Highlights & Insights

  • Participatory Design × AI Systems: Rather than patching LLM knowledge deficits through technical means, this work addresses the root of knowledge production — enabling community members to become knowledge contributors and governors of AI systems.
  • Elegant Narrative Unit Schema: The schema strikes a balance between structure and narrative richness; the relationships[] field supports corroboration, dispute, and extension relations among units, forming a knowledge graph.
  • Transferable Failure Taxonomy: The finding that 76.7% of errors concentrate in four remediable categories is generalizable and can guide prioritization in other LLM grounding efforts.

Limitations & Future Work

  • Workshop scale is small (N=24, 3 workshops, single city: Atlanta), limiting representativeness.
  • No end-to-end RAG system is constructed and quantitatively evaluated for accuracy gains after narrative injection; the current work constitutes a proof-of-concept only.
  • A fundamental tension exists between privacy and utility: more specific narratives are more useful but also more susceptible to re-identification of contributors.
  • The practical complexity of community governance is high; the proposed DAO-style voting and reputation-weighted mechanisms remain unvalidated.
  • Narrative quality control is challenging: ensuring factual accuracy of subjective oral accounts is non-trivial.
  • Scalability is unclear: the resources required to scale from a 24-person workshop to city- or national-level coverage are unspecified.
  • vs. WorldBench (Moayeri et al., 2024): WorldBench quantifies geographic knowledge bias in LLMs but provides no remediation; this paper offers a complete protocol for proactively supplementing knowledge from the community side.
  • vs.

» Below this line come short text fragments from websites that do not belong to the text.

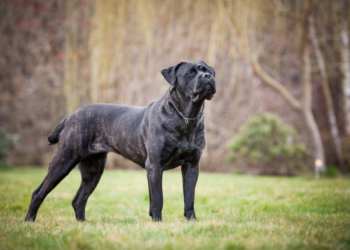 Délku života psů lze významně prodloužit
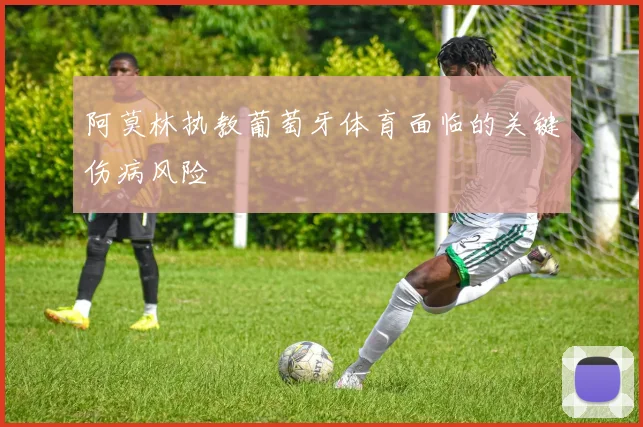 阿莫林执教葡萄牙体育面临的关键伤病风险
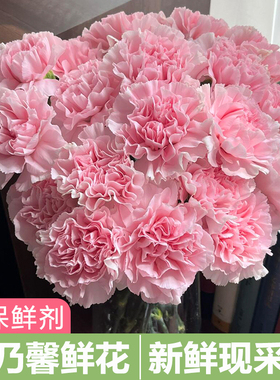 康乃馨鲜花云南基地直发昆明直批520花束水培花卉鲜花同城速递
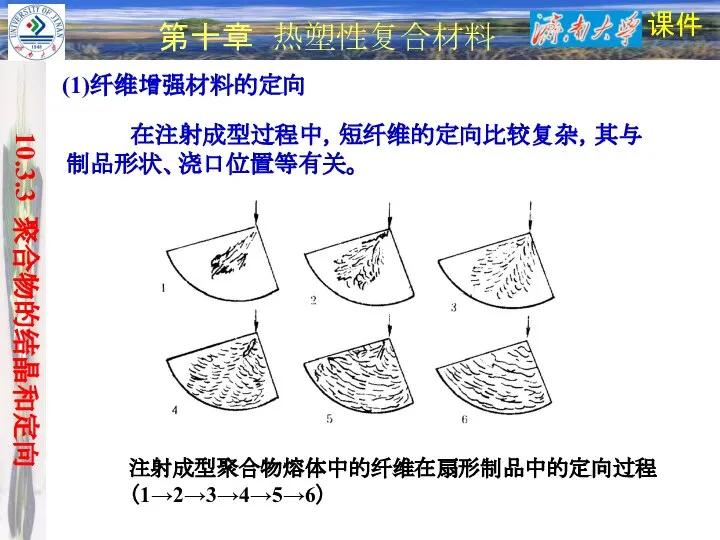 课件 第十章 热塑性复合材料 (1)纤维增强材料的定向 在注射成型过程中，短纤维的定向比较复杂，其与制品形状、浇口位置等有关。 注射成型聚合物熔体中的纤维在扇形制品中的定向过程（1→2→3→4→5→6） 10.3.3 聚合物的结晶和定向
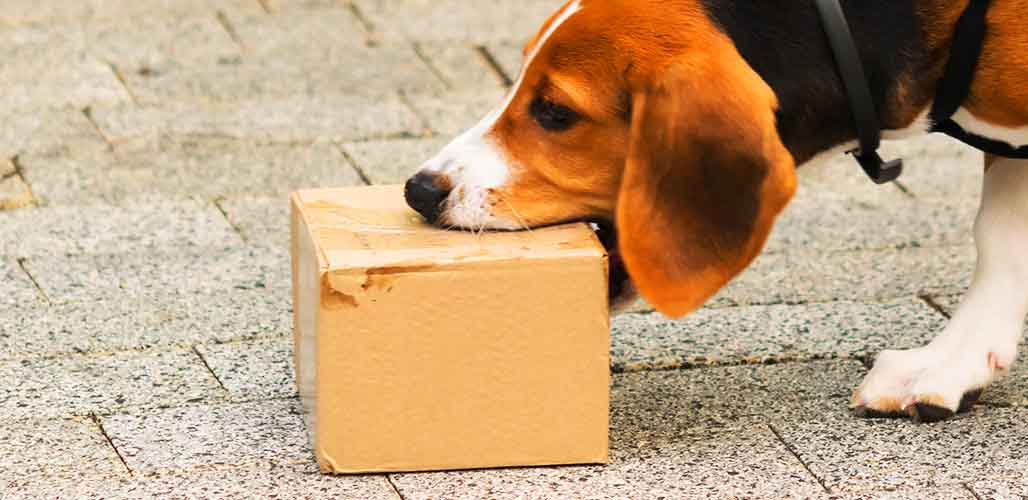 why-does-my-dog-eat-cardboard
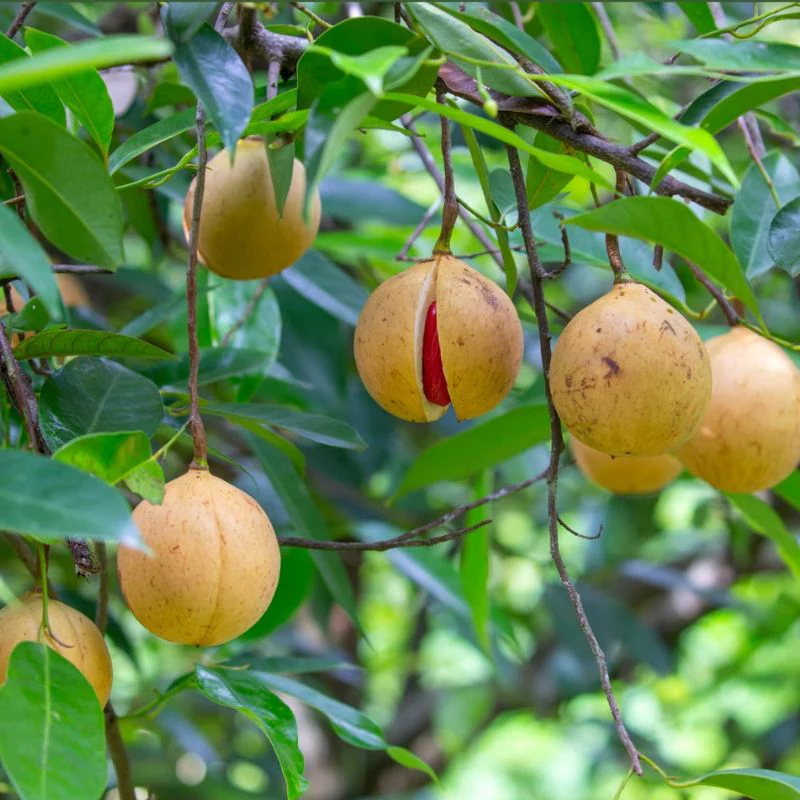 Nutmeg Tree Seeds
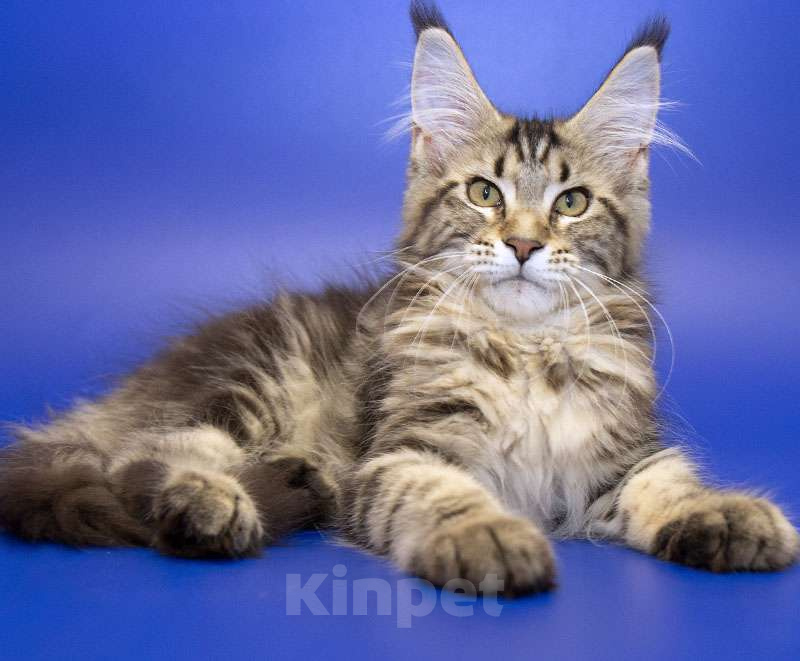 Кошки в Москве: Мейн кун котенок Девочка, Бесплатно - фото 1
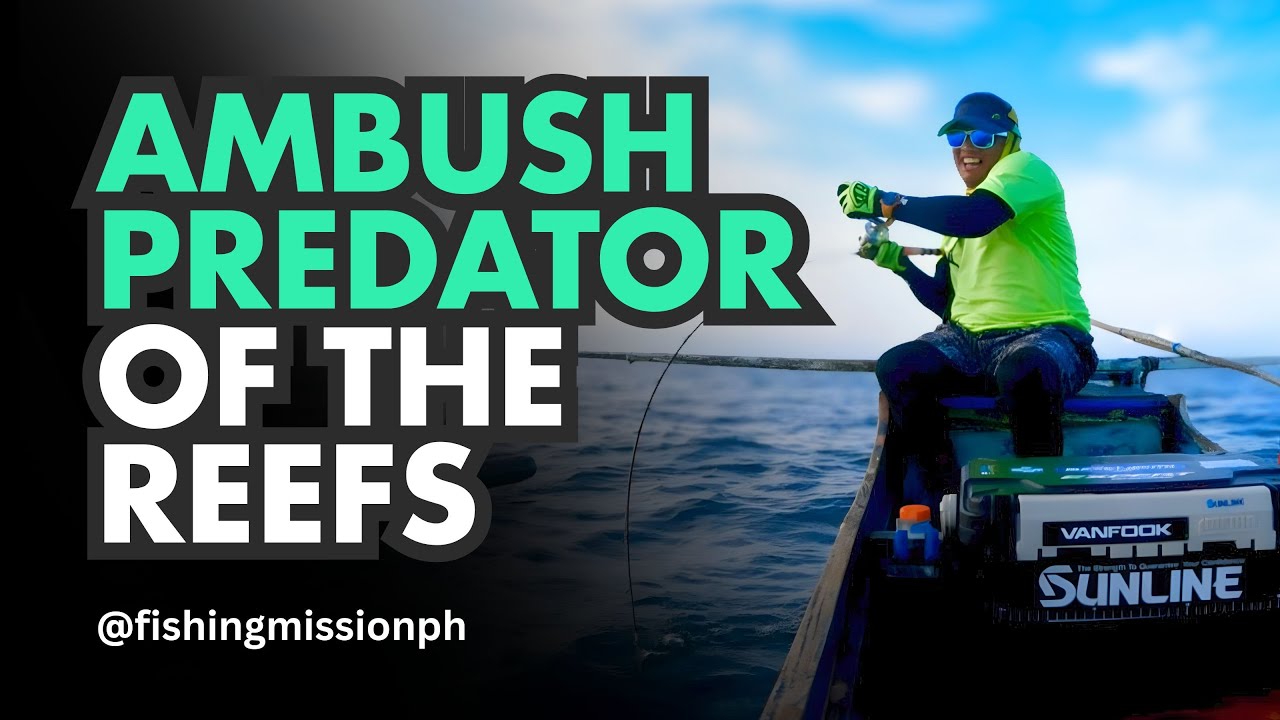 Slow Pitch Jigging Grouper Full Fight - TDFS Slayer Jigging Rod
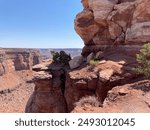 Shafer Canyon Overlook in the Island in the Sky Portion of Canyonlands National Park near Moab Utah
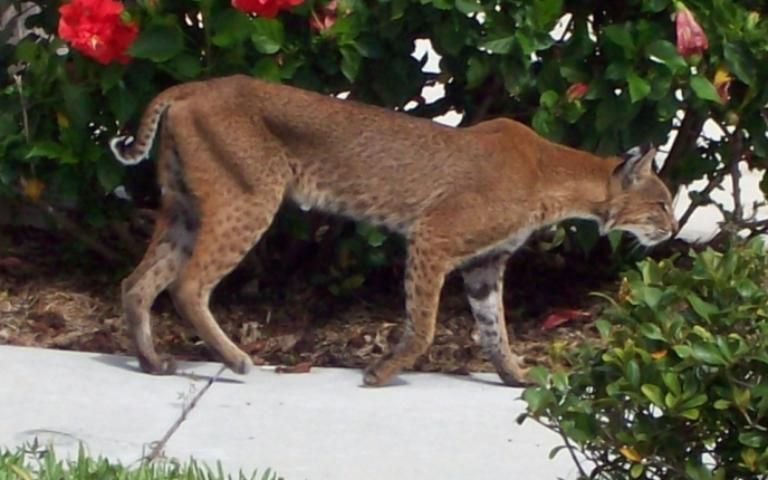 Figure 3. Bobcat.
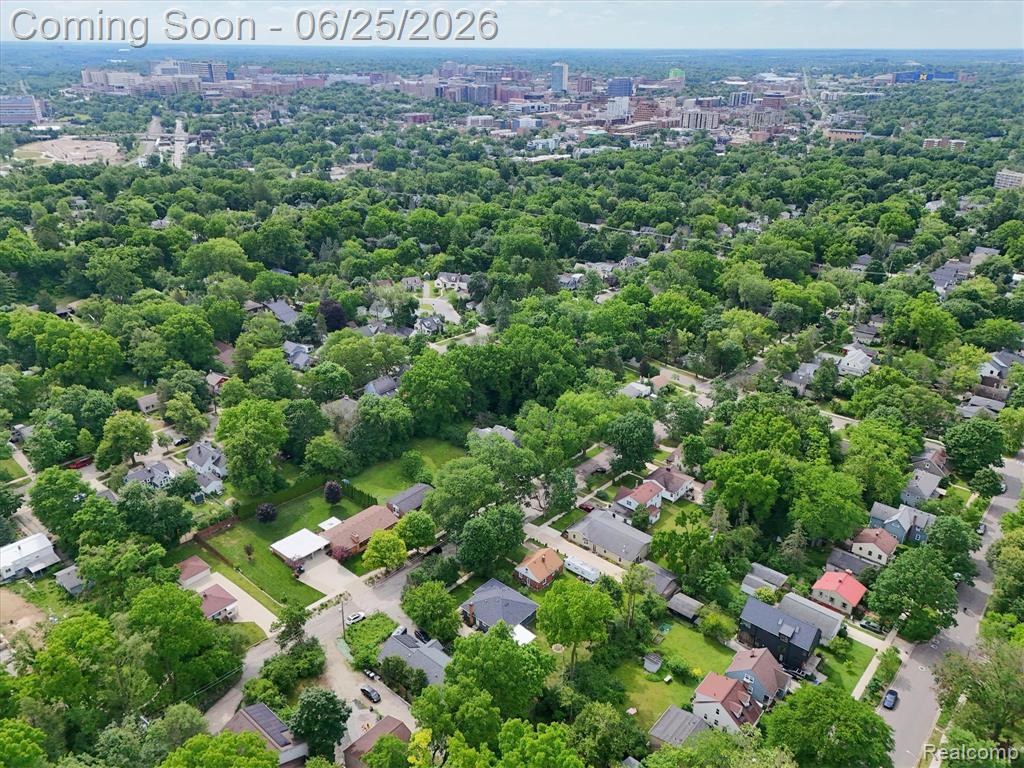 1101 Gott Street, Ann Arbor, MI 48103 — Photo 54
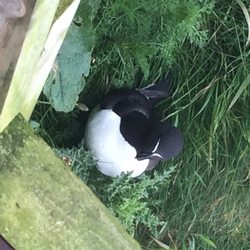 RSPB Bempton Cliffs - Guillemot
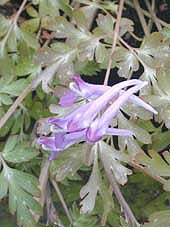 CORYDALIS LINSTOWIANA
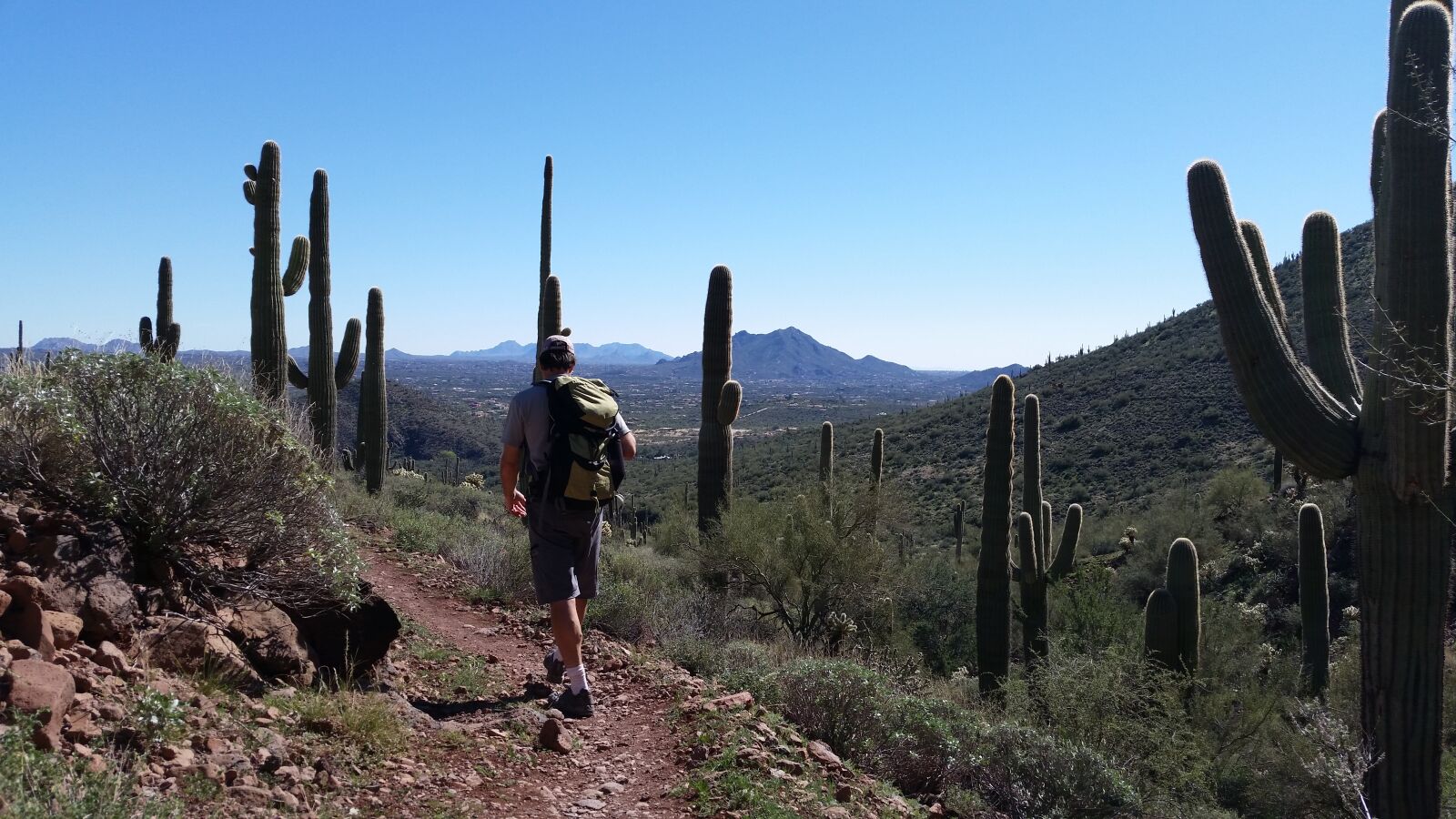 Samsung Galaxy S5 sample photo. Saguaro cactus, cacti, hiking photography
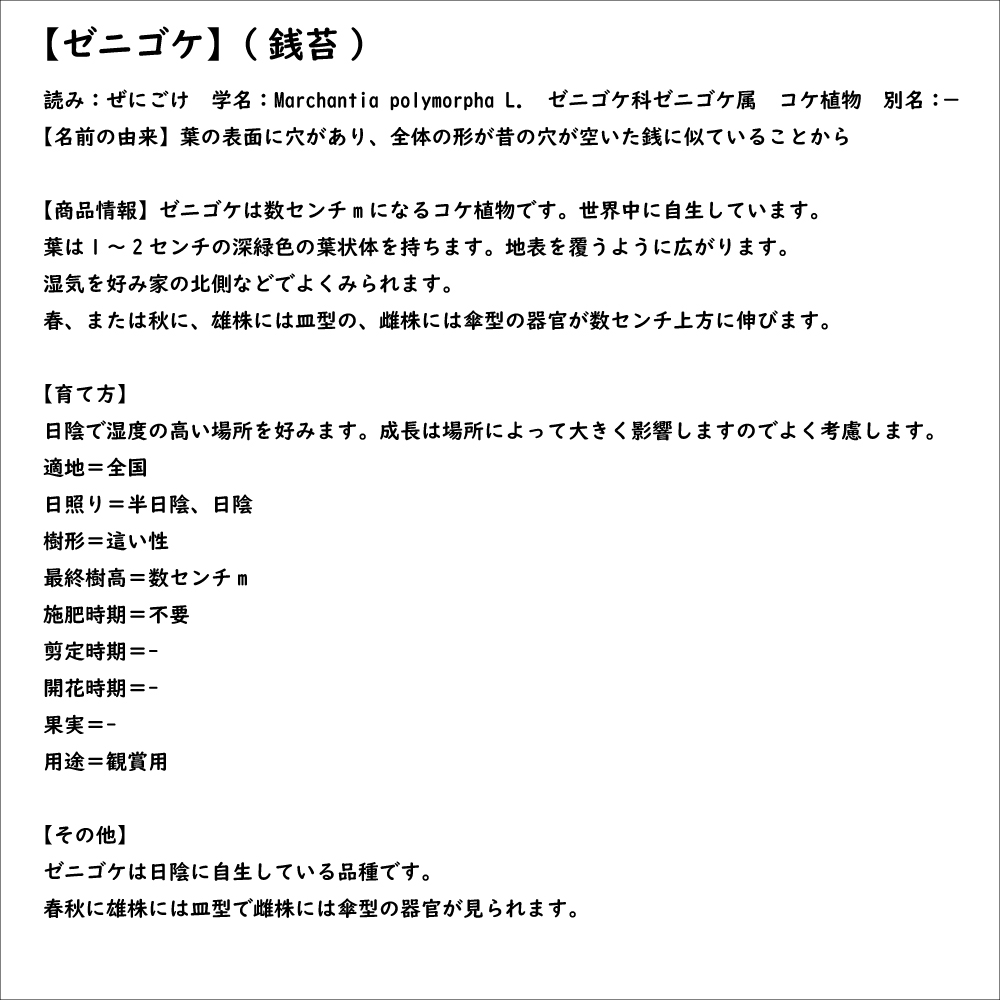 ゼニゴケ 10.5cmポット 30個 苗_7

Localness-Aware LLM (Gao et al., 2025): The latter constructs knowledge graphs from social media videos; this paper emphasizes participatory governance and narrative rather than passive social media content.
  • vs. Standard RAG approaches: Standard RAG relies on existing documents; the innovation here lies in generating new community knowledge sources and granting communities governance rights over them.
  • The work carries important implications for localized AI systems, community AI governance, and data justice.

Rating

  • Novelty: ⭐⭐⭐⭐ The combination of participatory workshops, narrative schema, and LLM grounding presents a genuinely novel perspective.
  • Experimental Thoroughness: ⭐⭐⭐ The failure taxonomy and benchmark design are sound, but the scale is small and no end-to-end system validation is provided.
  • Writing Quality: ⭐⭐⭐⭐ Problem motivation is clearly articulated and design tensions are discussed in depth.
  • Value: ⭐⭐⭐⭐ Makes an important methodological contribution to fair AI, community governance, and local knowledge augmentation.